Trajectoires neurodéveloppementales partagées : La DI et le TSA sont tous deux des troubles du développement du cerveau. Les perturbations précoces affectant des processus fondamentaux comme la prolifération neuronale, la migration, la synaptogenèse ou l’élagage synaptique peuvent avoir des conséquences étendues. Selon le moment, la localisation et la nature de ces perturbations, le profil phénotypique peut basculer vers une DI prédominante, un TSA prédominant, ou une combinaison des deux. Des anomalies dans les circuits fronto-striataux, cérébelleux et temporaux ont été impliquées dans les deux conditions, suggérant une perturbation des réseaux cérébraux essentiels à la cognition sociale et aux fonctions exécutives.

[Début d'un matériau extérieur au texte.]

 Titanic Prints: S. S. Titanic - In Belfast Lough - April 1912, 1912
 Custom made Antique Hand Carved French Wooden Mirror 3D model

Interactions causales complexes : Il est également plausible que, dans certains cas, un déficit n’entraîne pas directement l’autre, mais que l’un exacerbe l’expression de l’autre. Par exemple, des déficits intellectuels sévères peuvent limiter la capacité d’un enfant à développer des stratégies compensatoires pour ses difficultés sociales, amplifiant ainsi le phénotype autistique. Inversement, les déficits de l’attention conjointe et de l’imitation, caractéristiques du TSA, peuvent entraver l’apprentissage par observation sociale, un mécanisme crucial pour le développement cognitif général, contribuant ainsi à un fonctionnement intellectuel plus faible.

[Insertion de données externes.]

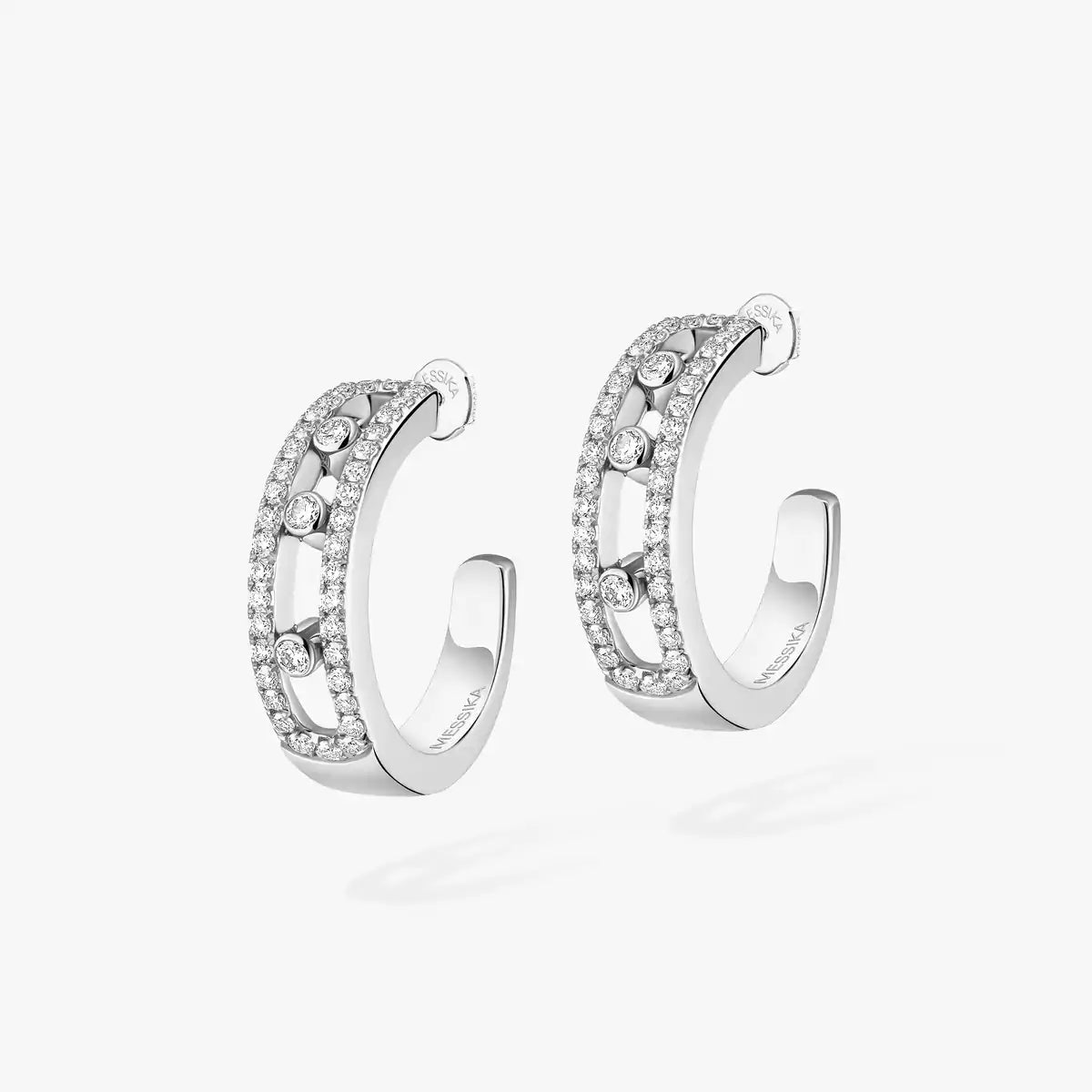 [Aura Jewels]Diamond Pave_ Hoop Earrings Move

C. Le Phénotype Complexe de la Double Condition : Défis Diagnostiques et Spécificités Cliniques
La présence simultanée de la DI et du TSA crée un tableau clinique qui n’est pas la simple somme des deux. L’interaction des symptômes génère des défis diagnostiques et des présentations uniques.
1. Le Défi du Diagnostic Différentiel et le “Diagnostic Overshadowing”
Le “diagnostic overshadowing” (ou “ombre diagnostique”) est un biais clinique majeur où la présence d’un trouble dominant, souvent la DI, masque les symptômes d’une autre condition comorbide, comme le TSA. Par exemple :
- Les déficits de communication sociale du TSA peuvent être attribués à tort uniquement à la DI. Une absence de langage verbal peut être interprétée comme une simple conséquence du retard cognitif, alors qu’elle pourrait également refléter un déficit fondamental dans l’intention de communiquer et la réciprocité sociale, typique du TSA.
- Les comportements répétitifs et les stéréotypies motrices sont fréquents dans la DI sévère, indépendamment d’un TSA. Le clinicien doit alors distinguer les stéréotypies “simples” (ex. : balancements) des comportements plus complexes, ritualisés et liés à une anxiété face au changement, qui sont plus spécifiques au TSA.
- L’isolement social peut être vu comme une conséquence du rejet par les pairs en raison de la DI, occultant un manque d’intérêt intrinsèque pour les interactions sociales ou une anxiété sociale massive liée au TSA.
Pour surmonter ce défi, le clinicien doit rechercher activement les schémas qualitatifs spécifiques au TSA, au-delà du niveau de développement global de la personne.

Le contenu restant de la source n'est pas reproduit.